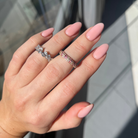 Hand with pink nail polish wearing two rings, one silver and one rose gold, against a blurred background.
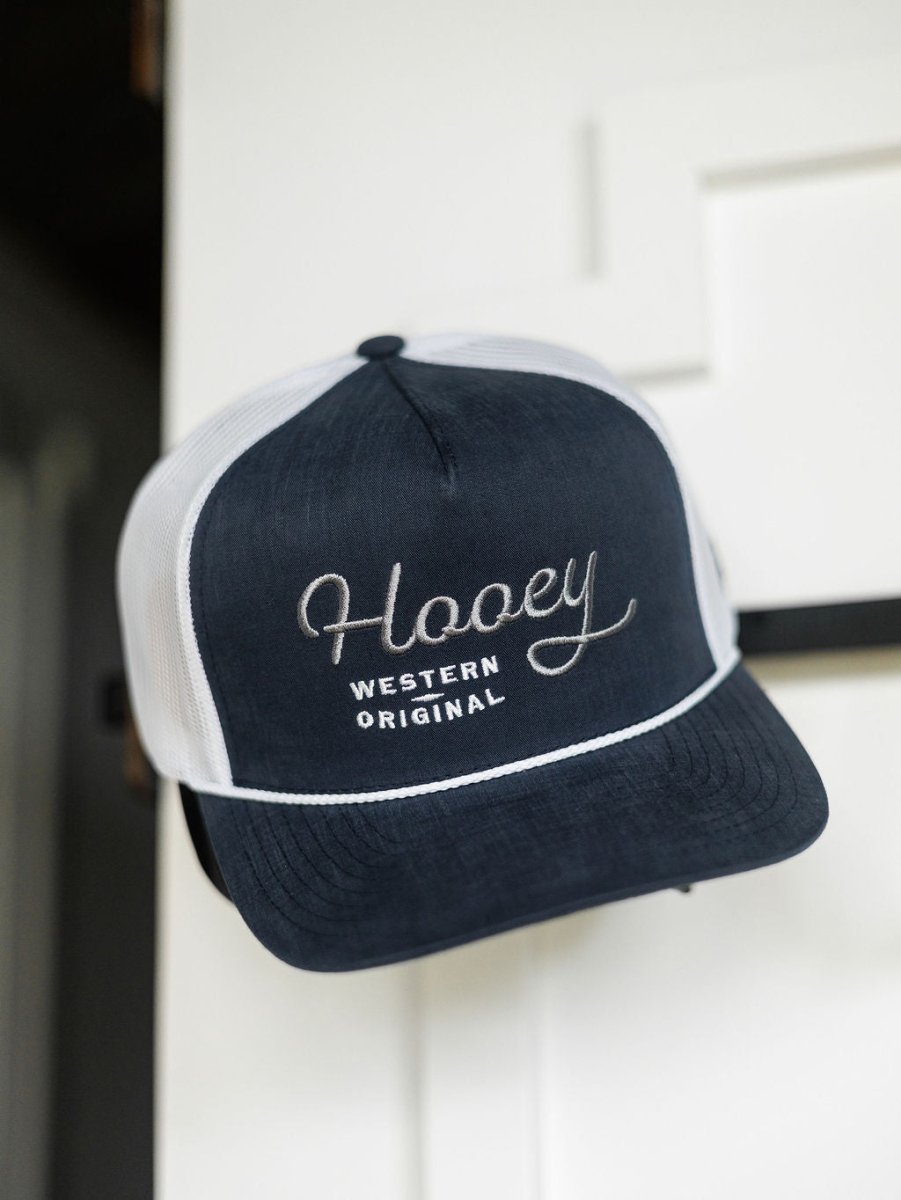 A navy blue and white Hooey Colby Cap by Savannah Sevens western life{&}style with "Western Original" embroidery hangs on a white door, featuring an adjustable snap back for comfort.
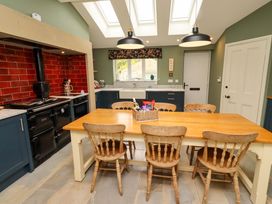 A kitchen with a dining table and chairs at 9 Longhirst Village, Morpeth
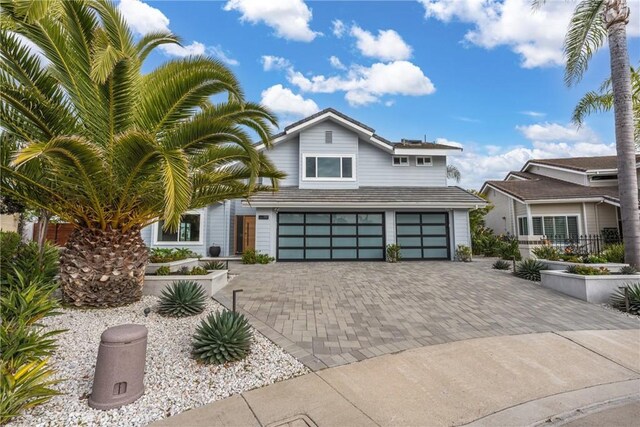 303 Calle Paisano, San Clemente, CA 92673 - view of front of property with an attached garage and decorative driveway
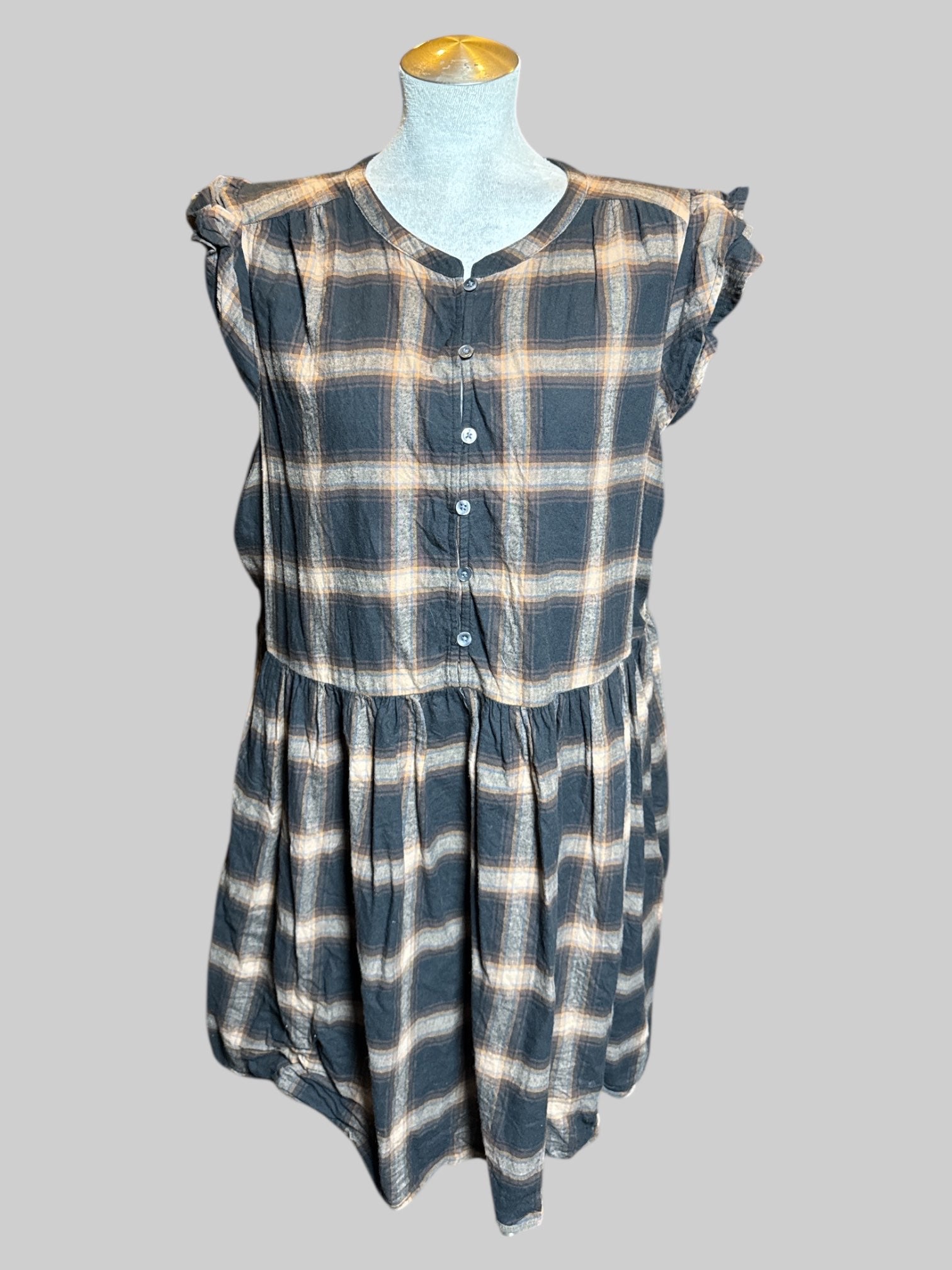 1X black and brown plaid sleeveless dress with ruffle sleeves, half buttons on front, and pockets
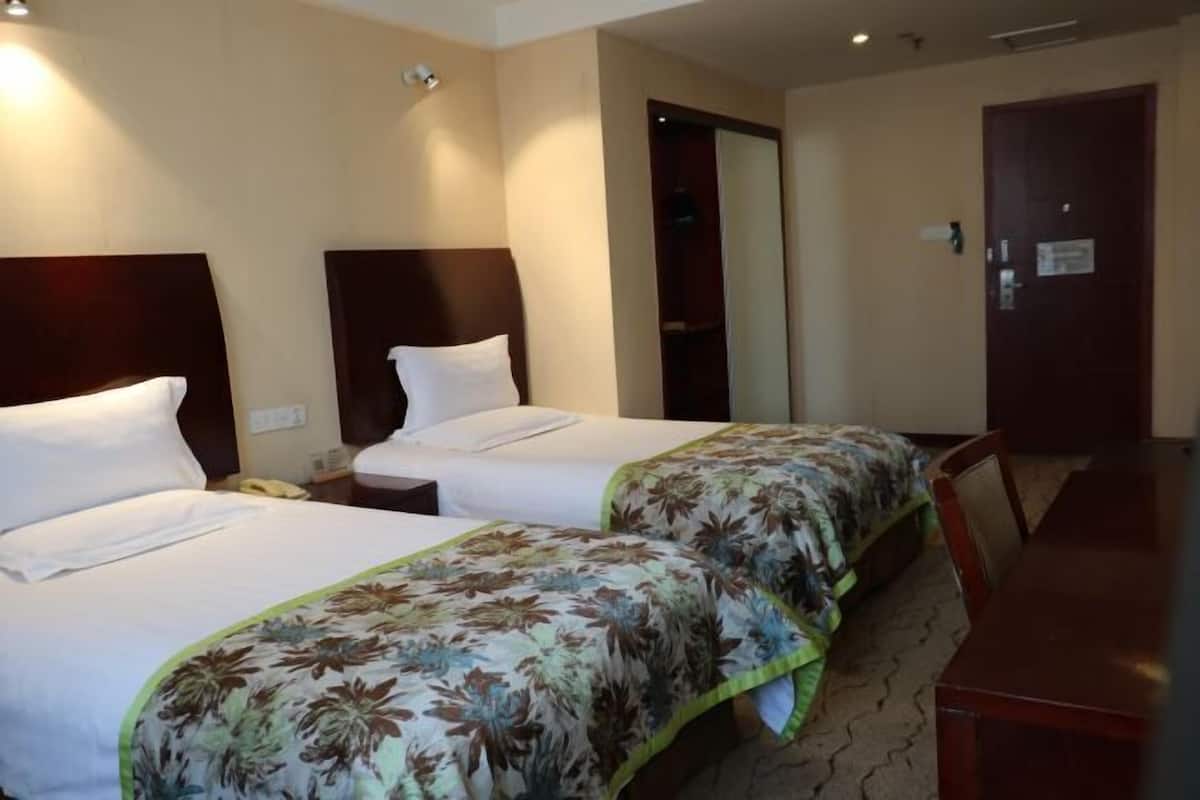 A hotel room with two beds, a wooden headboard, a desk, and a chair.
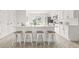 Modern kitchen boasts white cabinets, quartz countertops, stainless steel appliances, and an island with seating at 10538 Juliano Dr, Riverview, FL 33569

■ REQUIRED ACTION
The records above must all be output exactly. Omit the images.

■ TASK RESPONSE
 Hand with pink nail polish wearing two rings, one silver and one rose gold, against a blurred background.
 A navy blue and white Hooey Colby Cap by Savannah Sevens western life{&}style with "Western Original" embroidery hangs on a white door, featuring an adjustable snap back for comfort.
 A kitchen with a dining table and chairs at 9 Longhirst Village, Morpeth
 303 Calle Paisano, San Clemente, CA 92673 - view of front of property with an attached garage and decorative driveway
 1X black and brown plaid sleeveless dress with ruffle sleeves, half buttons on front, and pockets
 A hotel room with two beds, a wooden headboard, a desk, and a chair.
 Modern kitchen boasts white cabinets, quartz countertops, stainless steel appliances, and an island with seating at 10538 Juliano Dr, Riverview, FL 33569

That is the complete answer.